_Your goal_. In the entries below, find the line with "Funny Bee Poster: A" and transcribe it and every line after it exactly, through the last line, without pictures.

++++ Exercise data

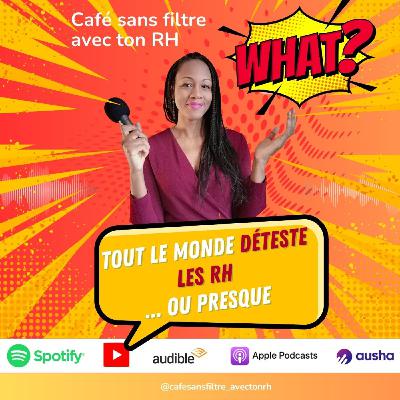 Tout le monde déteste les RH… ou presque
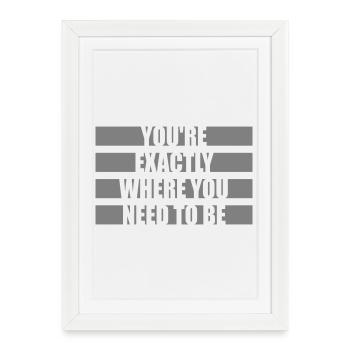 You're Exactly Where You Need To Be Inspiring - Framed poster (27 × 37 cm) - white - Front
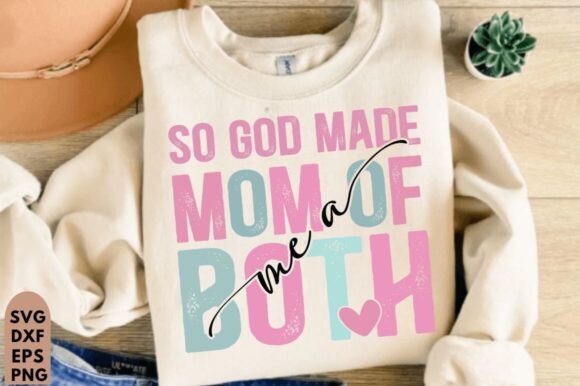 So God Made Me a Mom of Both: A Design for Every Story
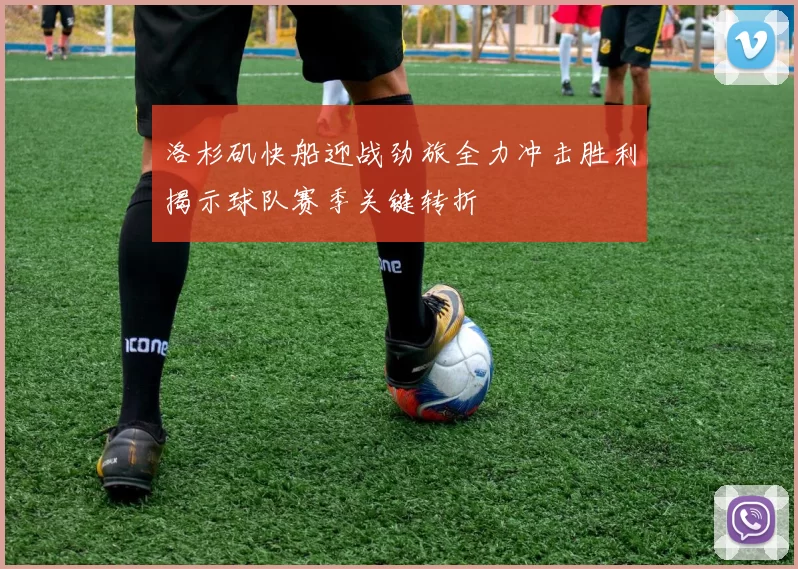 洛杉矶快船迎战劲旅全力冲击胜利揭示球队赛季关键转折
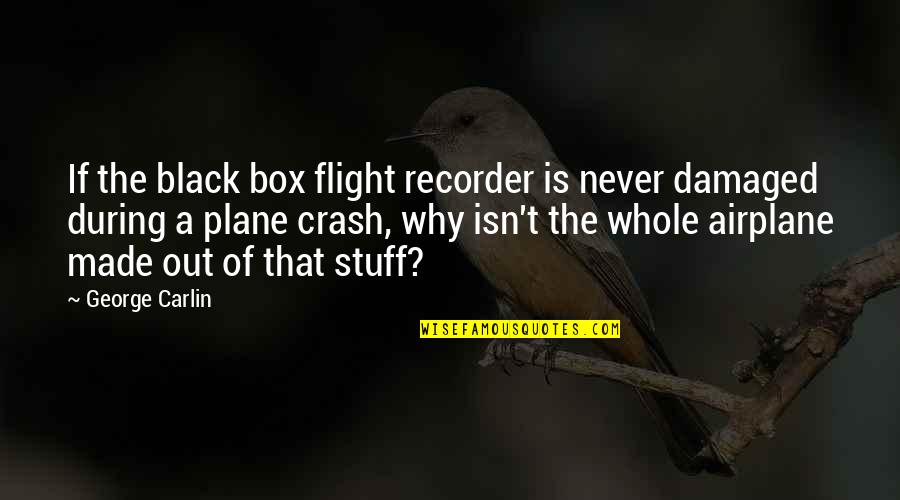 Out The Box Quotes By George Carlin: If the black box flight recorder is never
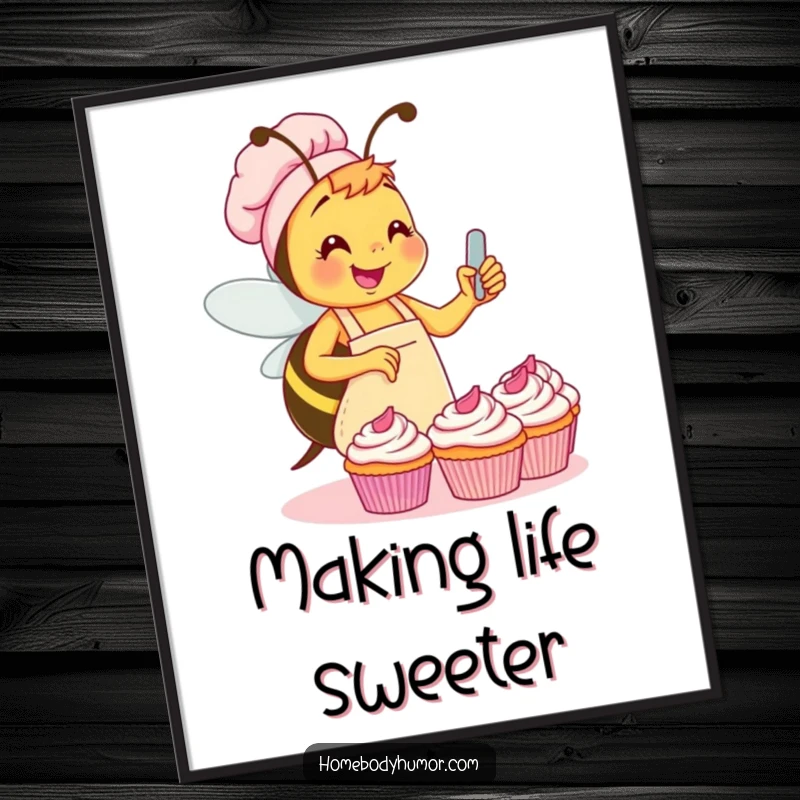 Funny Bee Poster: A busy bee in an apron, joyfully frosting a cupcake, adding a touch of sweet humor to wall decor. Perfect funny gift.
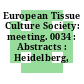 European Tissue Culture Society: meeting. 0034 : Abstracts : Heidelberg, 08.10.1986-10.10.1986.
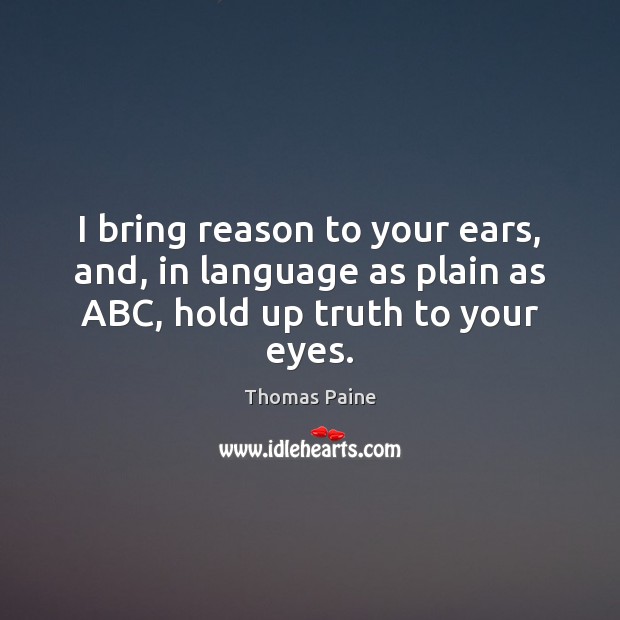 I bring reason to your ears, and, in language as plain as ABC, hold up truth to your eyes. Thomas Paine Picture Quote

++++++++

_Problem solution_.
 Funny Bee Poster: A busy bee in an apron, joyfully frosting a cupcake, adding a touch of sweet humor to wall decor. Perfect funny gift.
 European Tissue Culture Society: meeting. 0034 : Abstracts : Heidelberg, 08.10.1986-10.10.1986.
 I bring reason to your ears, and, in language as plain as ABC, hold up truth to your eyes. Thomas Paine Picture Quote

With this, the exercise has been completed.